JANUARY 2025
First of all, Happy New Year! If you spend any time on social media, you’ll already know that 2025 is a “perfect square year” and the only one you’ll ever see (the last was 1936 and the next will be 2116). In other words, 2025 is equal to 45 x 45, as well as being the square of the sum of the first 9 natural numbers: (0 + 1 + 2 + 3 + 4 + 5 + 6 + 7 + 8 + 9)². It’s also the sum of the cubes of the first 9 natural numbers, since (0³ + 1³ + 2³ + 3³ + 4³ + 5³ + 6³ + 7³ + 8³ + 9³) is also equal to 2025. That said, as we’re poised to eat our twelve grapes with the chimes of the clock at midnight on the thirty-first of December 2025, I doubt we’ll be thinking: “That was one hell of a perfect square year!”
Anyway, my wife, kids and I have kicked it off with my brothers and their families in Sheffield (just before the snow!), successfully refuting the thesis proposed by the joke: “Are you looking forward to Christmas, or are you going to spend it with the family?” From a personal point of view, I also made a conscious decision not to try to do too much during the holiday period.
I’ve never actually been on a “time management” course, but I’ve spent a lot of years juggling a fair number of diverse tasks and activities, and I’ve come to a simple conclusion: there isn’t enough time to do everything you want to do, no matter how early you get up and how late you go to bed. And there is no magic trick to make the problem go away. You simply have to prioritise. And that means selecting things you are not going to do when you wanted to do them. It’s kind of liberating, though there is always a danger that you’ll later regret your choices.
This year I prioritised finishing work on the next novella in order to get it to someone to read for me when it was convenient for them. One of the things I didn’t make time for was Christmas cards. Unfortunately, I do regret that. The annual card is my only link with some of my oldest friends. Also, it’s no fun receiving stuff and not giving anything back. But it won’t be the end of the world if I get struck off a few lists, and I don’t think I’ll send those people cards next year just to get back in sync in 2027!
Thinking about old friends and priorities and different ideas regarding what is and what isn’t important takes me once again back to Africa and my days as a “volunteer”, although I think that everyone who has lived in a country with an “alien” culture sees things with new eyes when they return home. It’s healthy. (It happened to one of my sons after studying in LA last year!) But you have to be careful not to flaunt your “new perspective” by pompously preaching to everyone at home about how they are getting stressed out about essentially “trivial” issues. In fact, before too long you’ll probably realise that you are also forgetting what you thought you’d learned, burying yourself under your own mountain of trivia. I guess that’s why so many ex-volunteers try to keep the memories alive with their annual remember-when-we? reunions.

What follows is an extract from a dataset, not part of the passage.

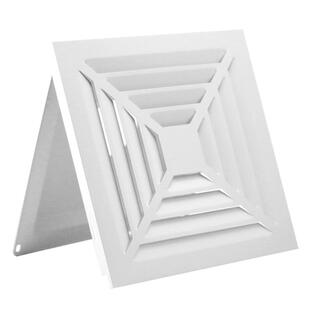 欧芬琦 集成吊顶300*300铝扣板风口新风系统排风出风换气通风口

And I think it’s worth remembering that, even as a volunteer (never mind an overpaid expatriate), you are part of an elite, living a life of relative privilege: “special” in a way that is the absolute opposite of suffering racism. I suspect that some of the upper-class volunteers notice this less (I met people with surnames I associated with tea and tobacco companies, famous publishing houses and the like who couldn’t be “normal” even if they renounced their part of the family fortune), in the same way that buffoons like British ex-prime minister Boris Johnson, groomed to rule, appear to be unaware when they are hopelessly out of their depth. But working in the “developing world” was probably a power kick for all of us, whether we admitted it at the time or not.

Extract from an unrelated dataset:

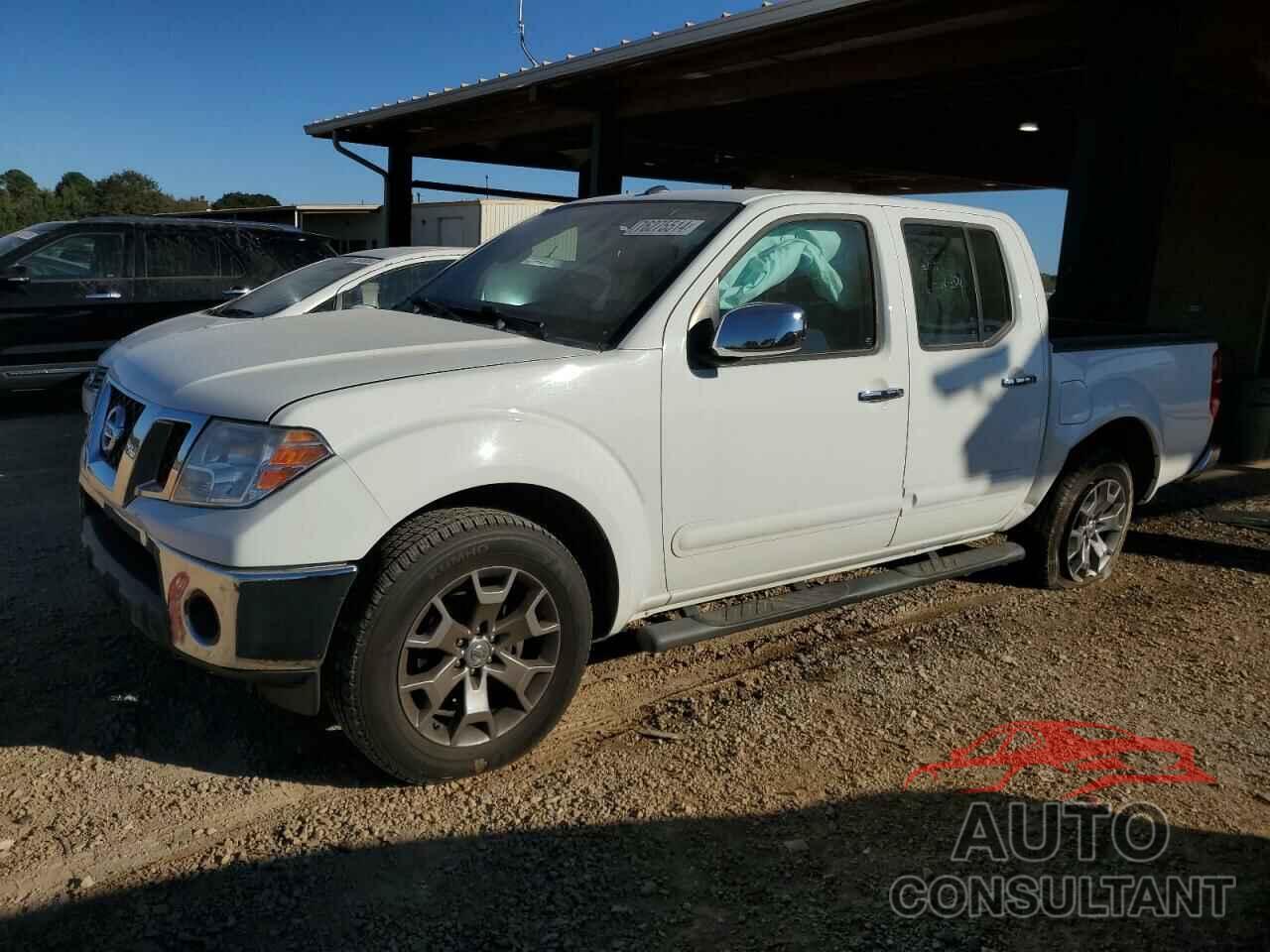 NISSAN FRONTIER 2019 - 1N6AD0ER3KN750463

Going back to the seasonal celebrations, in Sheffield we also met an old friend of the family who offered a radically contrasting approach to life the universe and everything, as you might expect that a priest would. His Christmas sermon had been about people he described as “angels on the inside” (which is why we can’t see their wings and haloes). I couldn’t help wondering what kind of place the world would be in 2025 if everyone at least tried to behave like an angel (even if they don’t believe in them!). And at almost the same time – as if I had either been inspired by the sermon or had been starting to daydream as I so often did in church as a boy – I made a mental note to begin the last novel in the Backdoor Angels series with the words: Angels they were not!
Which brings us at last to book news! So, I’m currently bracing myself for the feedback, now imminent, on A Martian Ending and am still aiming to publish in early February, while the novella Death En Route to Neptune is on schedule for publishing – as the new freebie! – at the start of April, with more stuff during the year and the final novel in the series hitting Amazon in December. I don’t think it would be such a bad way to end a “perfect square year”.